**Problem details:** Repeat only what runs from the line with "Handle) - Image 3" through the last line of the data below, both included, keeping every word as it is and leaving out the pictures.

Brief descriptive captions
+-------+

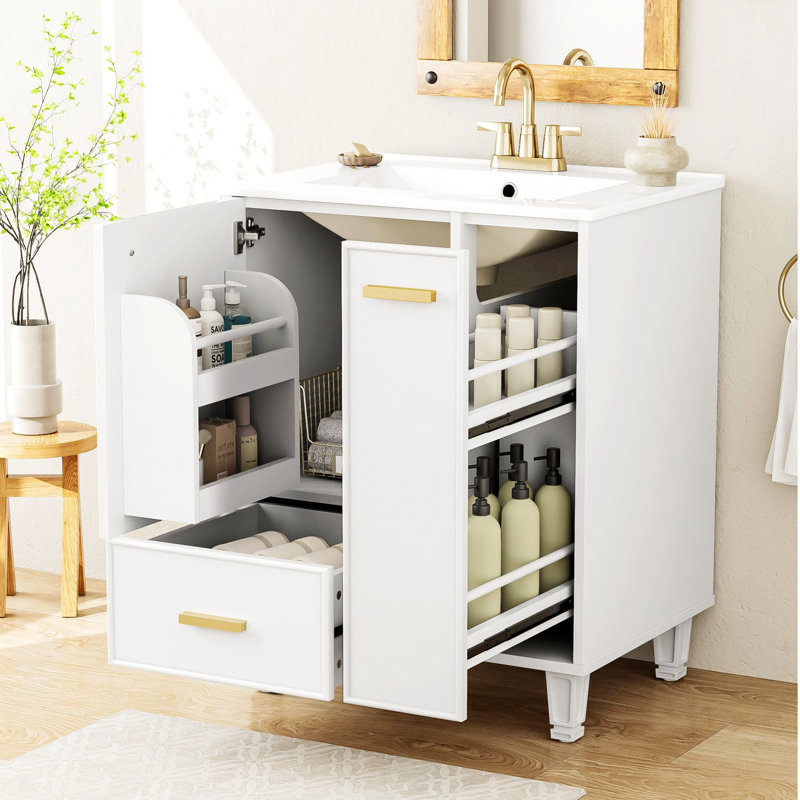 Meuble-lavabo de salle de bain avec lavabo, armoire de salle de bain avec tiroir de rangement, Blanc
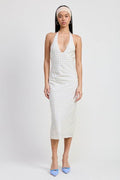 V NECK MAXI DRESS WITH NECK TIE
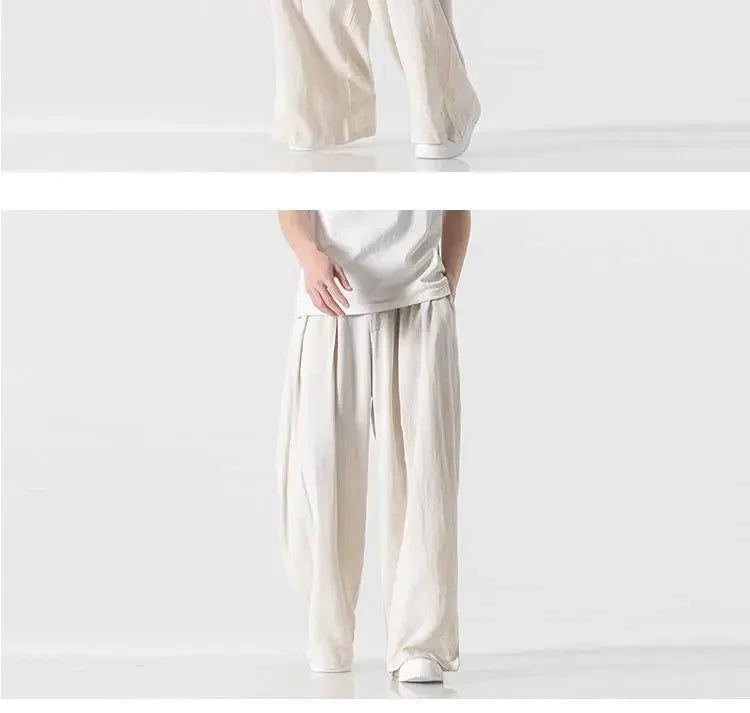 Hanfu Spirit Draped Linen Pants For Men Straight-leg Casual Trousers Chinese Style Loose-fit Ancient Wide-leg Song Trousers.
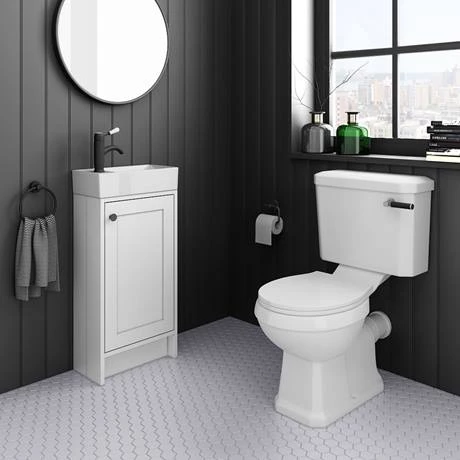 Bromley Traditional White Cloakroom Vanity Unit (incl. Matt Black Handle) 3 Bromley Traditional White Cloakroom Vanity Unit (incl. Matt Black Handle) - Image 3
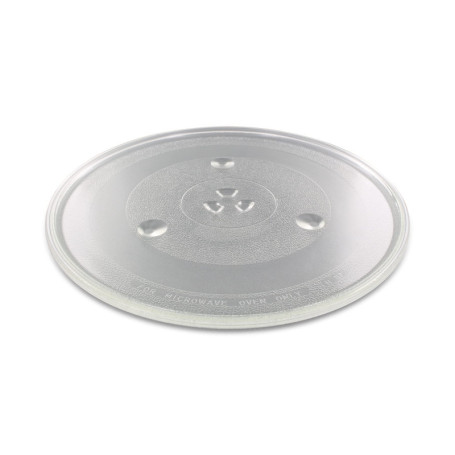 DEKAROX Plateau tournant rond en verre pour micro-ondes 315 mm de diamètre avec 3 pieds universel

+-------+

**Answer section:**
 Bromley Traditional White Cloakroom Vanity Unit (incl. Matt Black Handle) 3 Bromley Traditional White Cloakroom Vanity Unit (incl. Matt Black Handle) - Image 3
 DEKAROX Plateau tournant rond en verre pour micro-ondes 315 mm de diamètre avec 3 pieds universel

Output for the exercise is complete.